The results presented here have practical and clinical implications. The within-patient diversity of S. epidermidis infections suggests that the clinical microbiology assessment of a PJI requires re-evaluation [30]. We believe characterising more than two isolates phenotypically and genotypically will improve assessment regardless of whether the PJI microbiological diagnostic criteria are met. In-depth analysis of more than two isolates will also provide additional information for selecting the appropriate targeted antibiotic therapy and help distinguish between a relapse and reinfection. The present clinical microbiology method for genetic heterogeneity assessment is laborious and expensive; however, advances reported in recent studies may change that in the near future. For example, new culture-independent methods that can be applied in clinical laboratories can facilitate the rapid assessment of clonality and population structure of S. epidermidis communities in PJI [31]. Another suitable approach is the culturing of several specimens followed by sequencing of multiple microbial isolates during routine PJI microbial diagnostics. Given the high cost of PJI treatment, it is practical to implement routine PJI diagnostics using small-scale rapid sequencing technologies with a turn-around time, including bioinformatics, of 1–2 days [32].

There were a few limitations to this study. First, the study had a retrospective cohort design. However, this may not affect the investigation of S. epidermidis populations causing PJIs, as it was shown that the S. epidermidis population structure in central Sweden has remained fairly stable over the last 10 years [23]. Second, the collection of more isolates per patient would strengthen our findings. Multiple S. epidermidis isolates for WGS analysis could only be collected from a few patients with PJI. That said, the microbiological findings of heterogeneity indicate that the present-day criteria for PJI diagnosis is sub-optimal. Third, and most importantly, some of the isolates detected and characterised were potential contaminants and were not truly invasive; however, all consecutive patients with PJI who met the IDSA criteria were included.
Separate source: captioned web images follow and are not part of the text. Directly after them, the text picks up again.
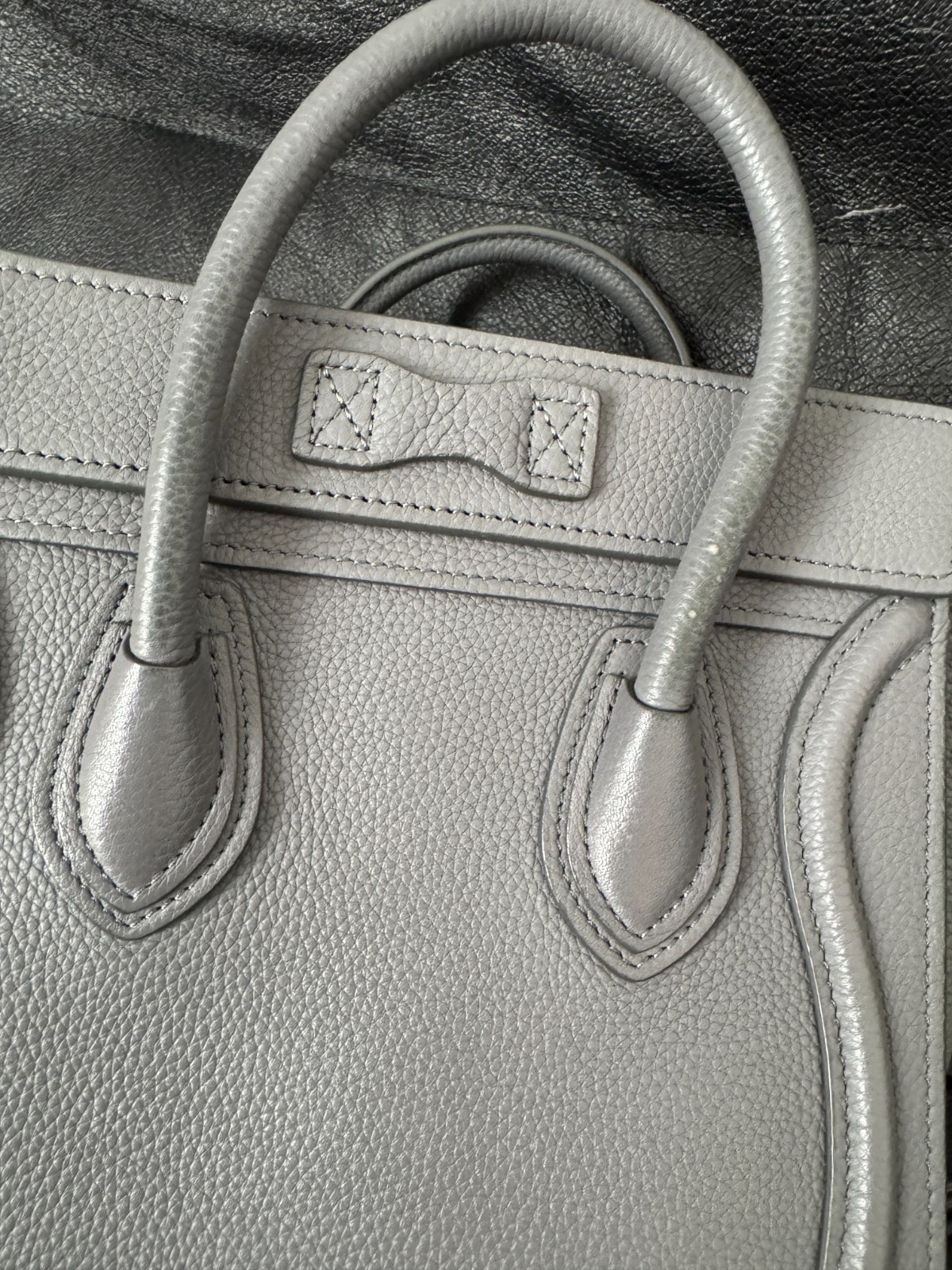 CELINE Luggage Nano Shopper Shoulder Bag Purse Handbag Calf Leather Grey Gold HW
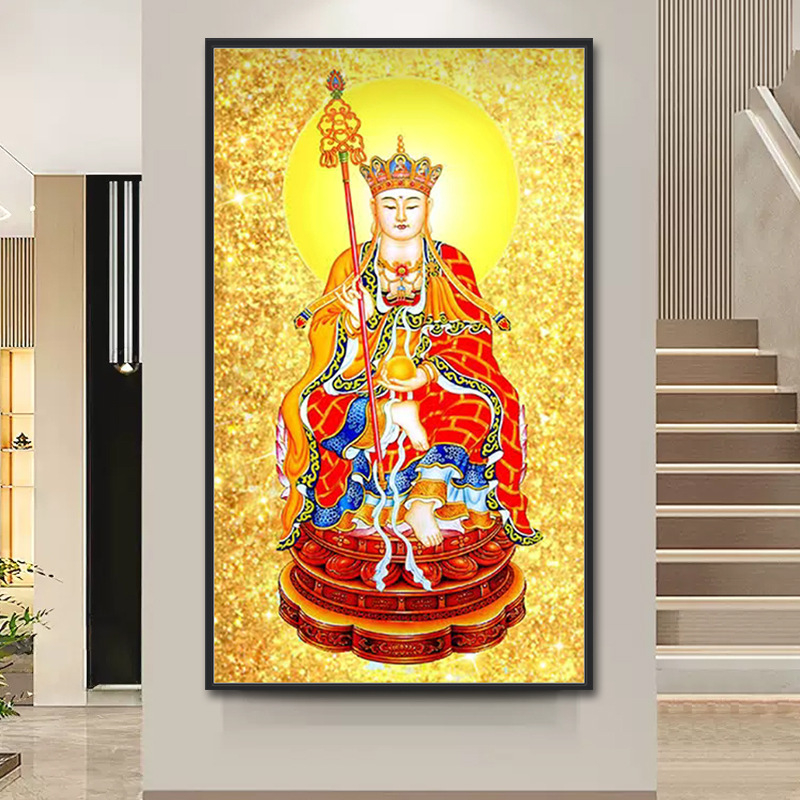 5D dijamantno slikanje — Ksitigarbha Bodhisattva figura, platno na ulje, Rubikova kocka dijamantni motiv, moderni minimalistički stil, za dnevni boravak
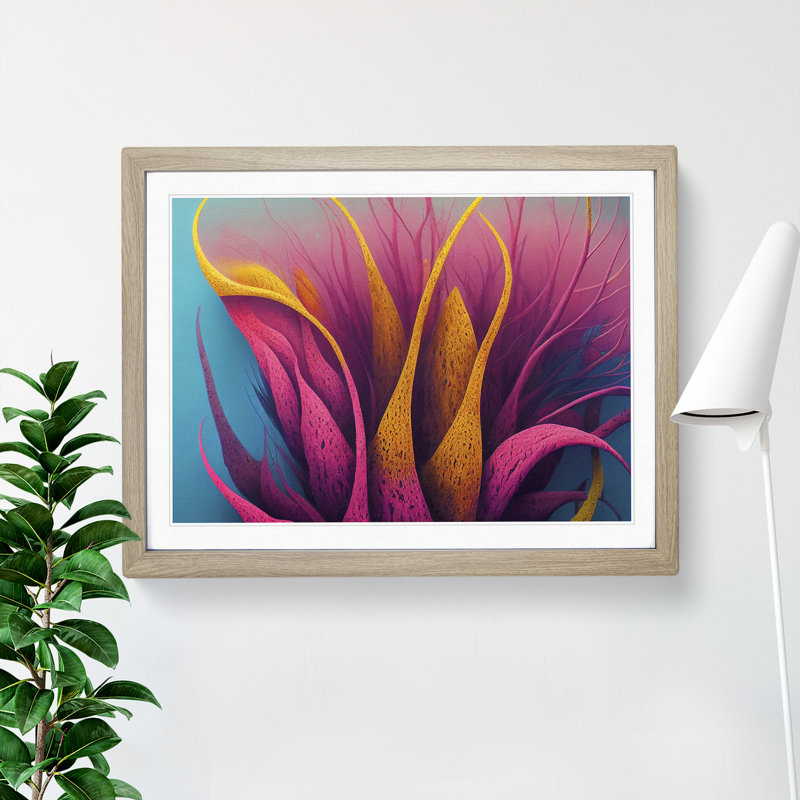 XH1022-6078X Modern Coral Reef Abstract - Single Picture Frame Print, 46cm H x 64cm W x 2cm D, Oak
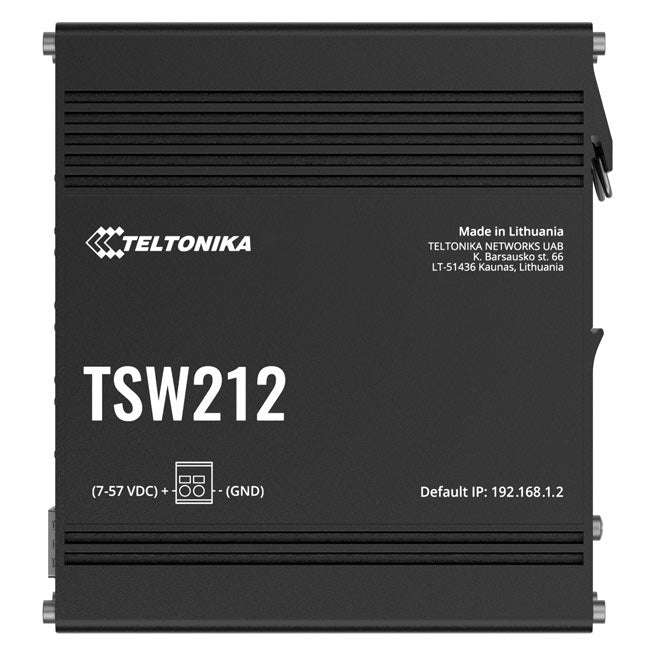 Teltonika TSW212 Managed Ethernet Switch, L2 with additional L3 Features, Supports Profinet, 8 x Gigabit Ethernet Ports, 2 x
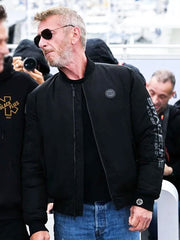 Sean Penn Asphalt City 2024 Black Bomber Jacket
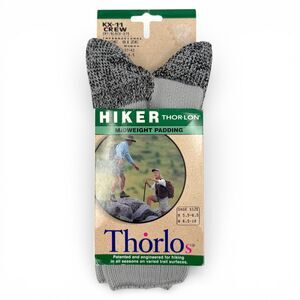 NEW Vintage 2000 Thorlos Midweight Hiker Crew Socks Gray/Black M5.5-8.5/W6.5-10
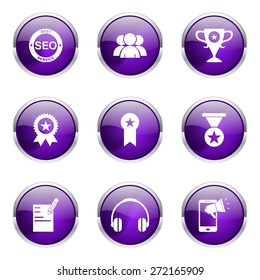 SEO Internet Sign Violet Vector Button Icon Design Set 9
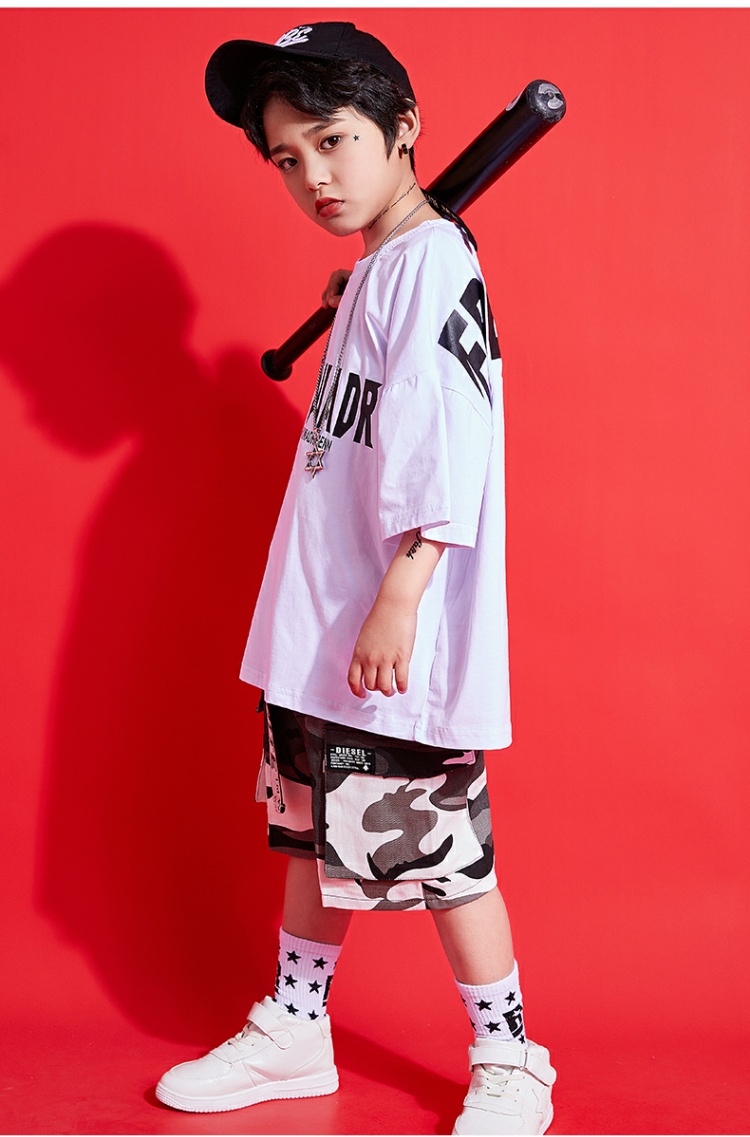 Khiêu vũ đường phố cho bé trai hiphop Trẻ em tay ngắn Jazz Dance Hip Hop Street Dance Ngụy trang Trang phục biểu diễn - Trang phục thời trang cho bé gái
Further, we used fresh sets of skin incision and subcutaneous incision instruments and a new set of sterile instruments for each tissue specimen to reduce the risk of contamination.

In conclusion, the within-patient genetic diversity in S. epidermidis isolates was substantial, with variation in both antibiotic susceptibility and antibiotic resistance genes. The findings highlight the complexity and ambiguity in the phenotypical assessment of CoNS isolates from periprosthetic tissue cultures as diagnostic criteria for PJI. Larger systematic studies are needed to determine the implications of these findings for microbiological diagnosis and the clinical significance of these results for therapeutic outcomes.